Abbado lui-même a changé au fil des années. Il fait partie de ces chefs – contrairement à Marek ­Janowski – qui ont accepté de se remettre en question après l’arrivée d’un Harnoncourt et d’un ­Hogwood. Il a enregistré par deux fois les Symphonies de Beethoven, d’abord avec le Philharmonique de Vienne puis avec le Philharmonique de Berlin; sa deuxième intégrale est plus alerte et déliée. Dans ce Fidelio capté à Lucerne l’été dernier, on entend sa fréquentation des instruments anciens, qu’il a aiguisée au contact de l’Orchestre Mozart de Bologne fondé en 2004.

Ici, c’est le Mahler Chamber ­Orchestra qui mène la cérémonie, avec ses qualités habituelles de transparence et d’aération des textures. Encore faut-il un chef capable de faire rebondir les rythmes chez Beethoven, de faire ressortir la trame chambriste de cet opéra. Certes Furtwängler et Karl Böhm (qui adorait cette œuvre) laissent de grands témoignages dans ­Fidelio – sans parler du bouillonnant Leonard Bernstein –, mais il faut désormais compter avec la lumière d’Abbado.

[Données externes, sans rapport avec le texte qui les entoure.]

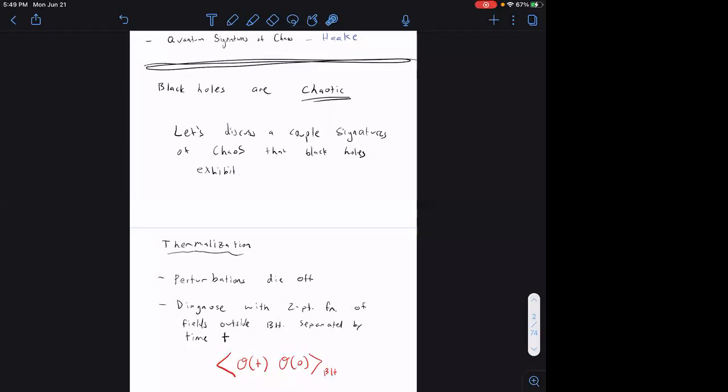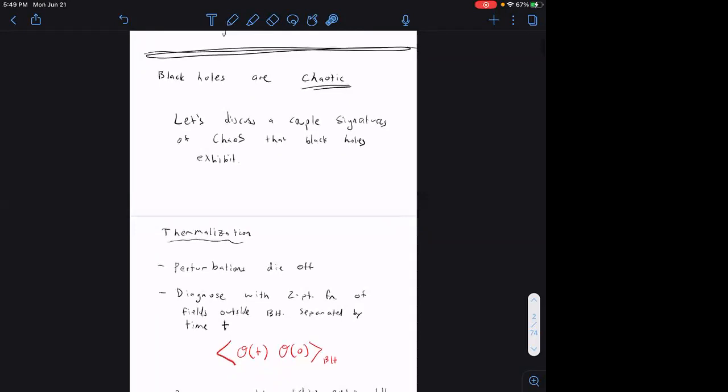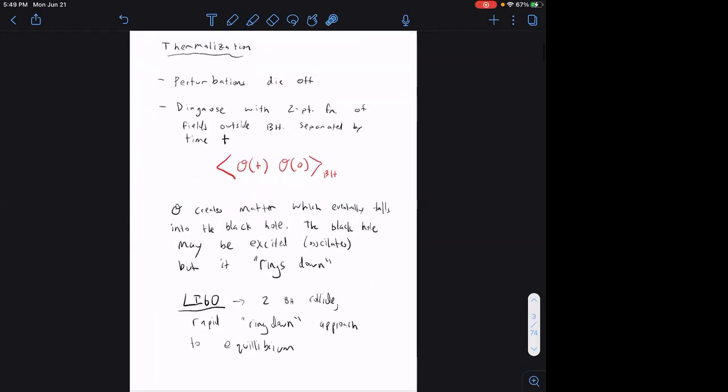The first statement I'm going to make is just that black holes are chaotic. Rather than give a careful definition of what it means for a quantum system to be chaotic — which is a bit tricky — I'm going to show you how black holes exhibit certain signatures of chaos. The first and simplest is thermalization.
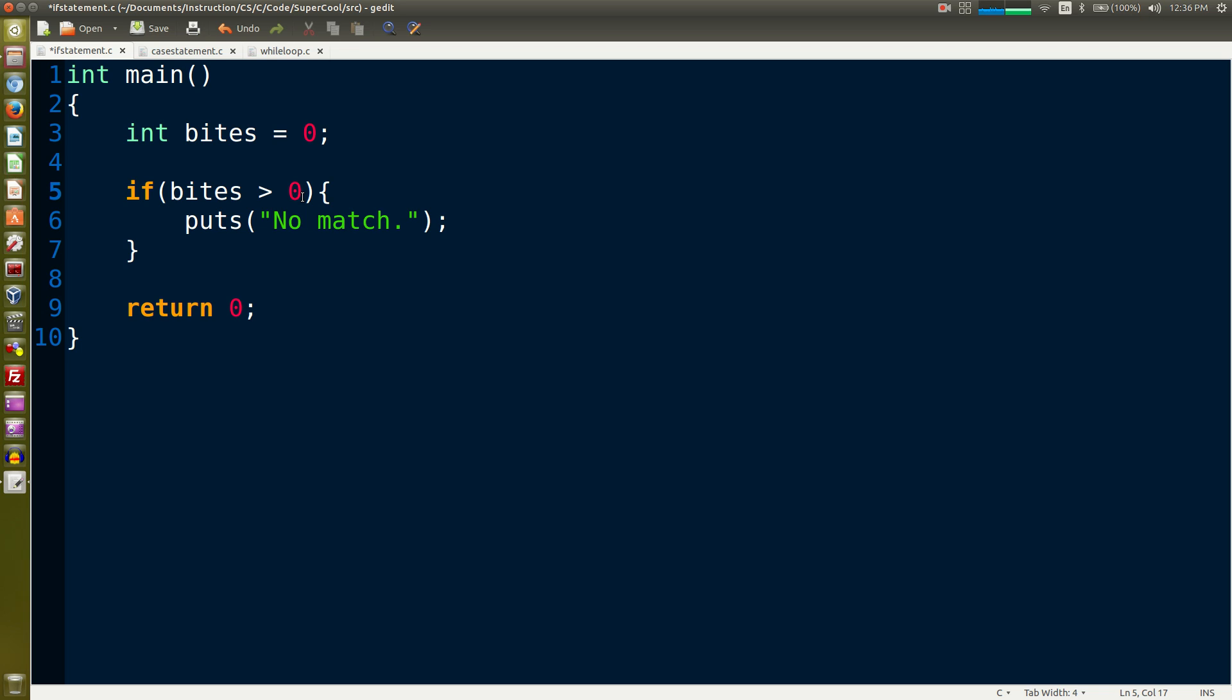The condition is a boolean expression - it's either going to be true or false. In this case it's going to be false because bytes is equal to zero and we're testing whether bytes is greater than zero. So that's going to come to a code block that's defined by open and close curly braces.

Il y a une simplicité et une évidence qui rendent sa grandeur sans emphase au drame. Les séquences de cet opéra qui a coûté tant de mal à Beethoven, au point qu’il en fut dégoûté après les multiples remaniements, s’enchaînent sans heurt. Fidelio retrouve son unité organique dans le droit fil des opéras du XVIIIe siècle.

Abbado interprète cet hymne à la liberté en héritier du Siècle des lumières. Il y a une composante rousseauiste dans sa baguette – ce goût de la nature qui s’éveille et des instincts qui se manifestent. Les bois sont fruités, les cordes lestes, les cuivres alertes. Le chœur des prisonniers au premier acte, enfin libérés de l’obscurité, retentit avec une tendresse douce et bouleversante.

Jonas Kaufmann, le Florestan de ces dernières années, y apporte sa couleur très personnelle. Il y a ce timbre ténébreux, une sensualité fébrile et magnifique, face à la Léonore de Nina Stemme. Cette voix de chair, aux aigus ronds et vibrés, à la superbe dignité, se montre un peu pâteuse par ­instants, comme intimidée par les écueils de la partition. Avec son timbre noir et rugueux, Falk ­Struckmann est idéal en don ­Pizzaro. La Marzelline de Rachel Harnisch, voix délicate, claire et pulpeuse, le Jaquino de Christoph Strehl, associés au très bon Rocco de Christof Fischesser, complètent cette belle distribution.

Le Chœur Arnold Schönberg (excellent!) ajoute au frisson, et quand l’orchestre exulte, que ce soit dans l’«Ouverture» ou le «Final» du second acte, c’est superbe.